▸ TASK TO CARRY OUT: A faithful copy is required: retype the records from their first line through the line with "Claude Rowbotham: a", and omit the pictures.

▸ TASK MATERIAL:
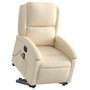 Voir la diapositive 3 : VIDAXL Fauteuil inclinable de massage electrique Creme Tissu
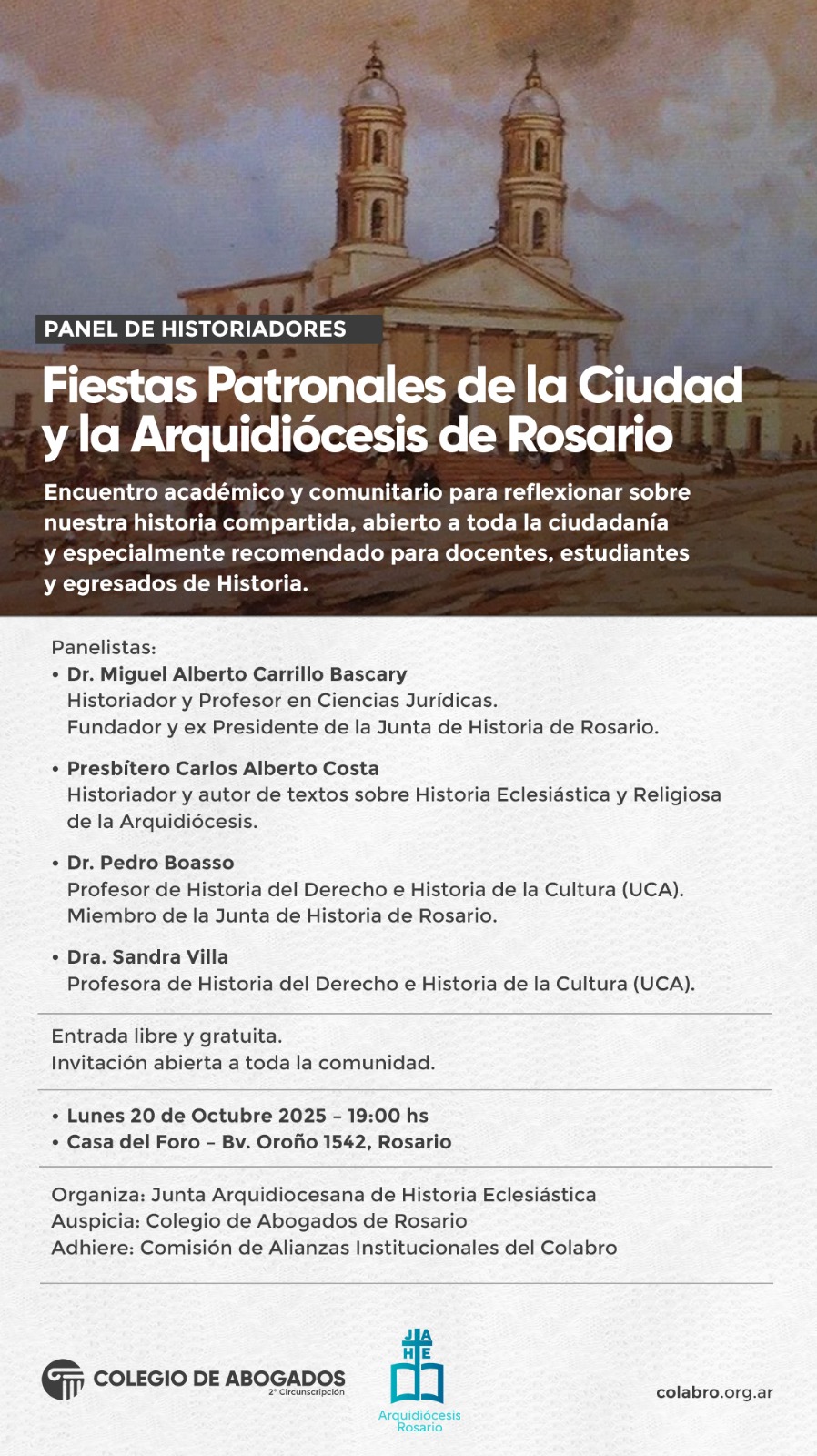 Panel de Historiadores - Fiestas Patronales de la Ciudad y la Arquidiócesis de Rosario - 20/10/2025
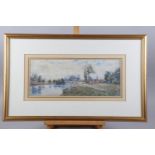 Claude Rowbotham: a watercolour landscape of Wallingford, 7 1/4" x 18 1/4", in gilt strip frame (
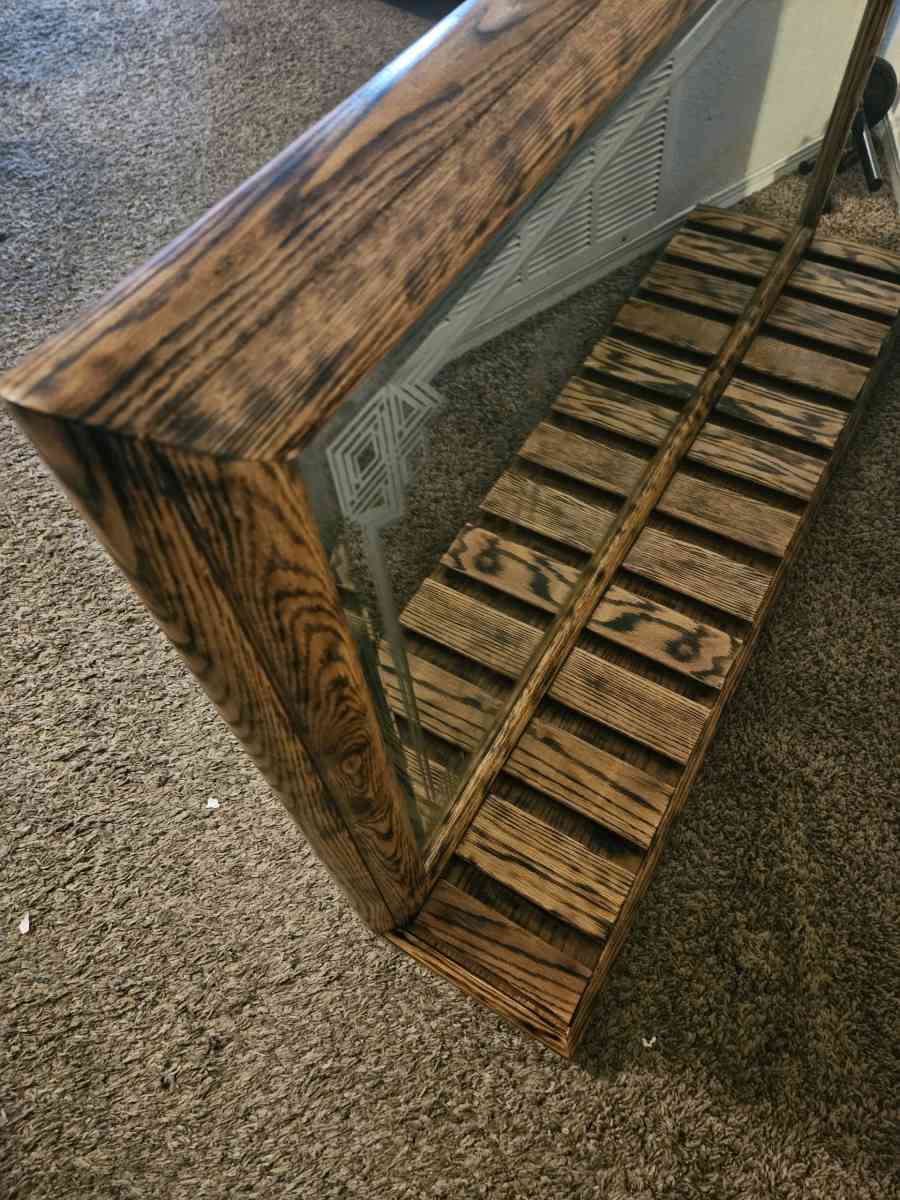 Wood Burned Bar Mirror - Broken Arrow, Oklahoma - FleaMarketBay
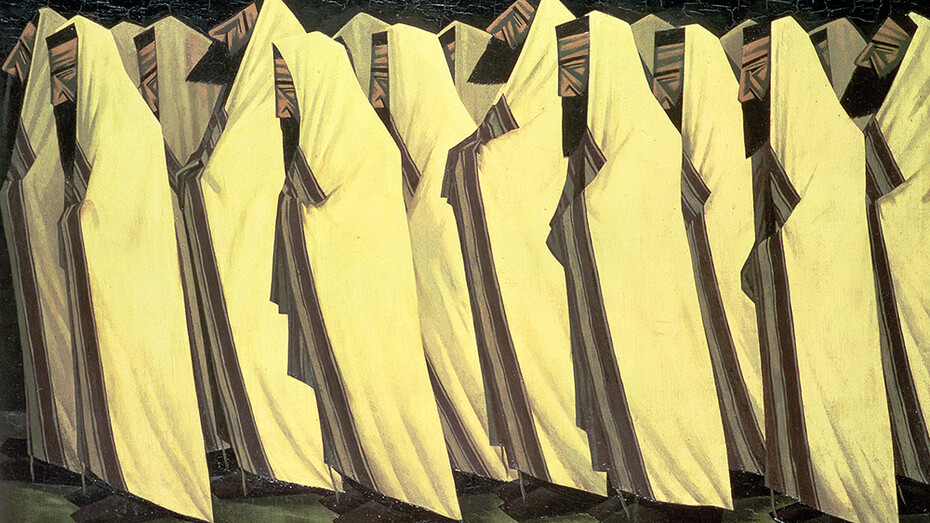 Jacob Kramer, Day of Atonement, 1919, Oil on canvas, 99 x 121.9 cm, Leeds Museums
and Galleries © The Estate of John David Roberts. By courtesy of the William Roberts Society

▸ RESULT BELOW:
 Voir la diapositive 3 : VIDAXL Fauteuil inclinable de massage electrique Creme Tissu
 Panel de Historiadores - Fiestas Patronales de la Ciudad y la Arquidiócesis de Rosario - 20/10/2025
 Claude Rowbotham: a watercolour landscape of Wallingford, 7 1/4" x 18 1/4", in gilt strip frame (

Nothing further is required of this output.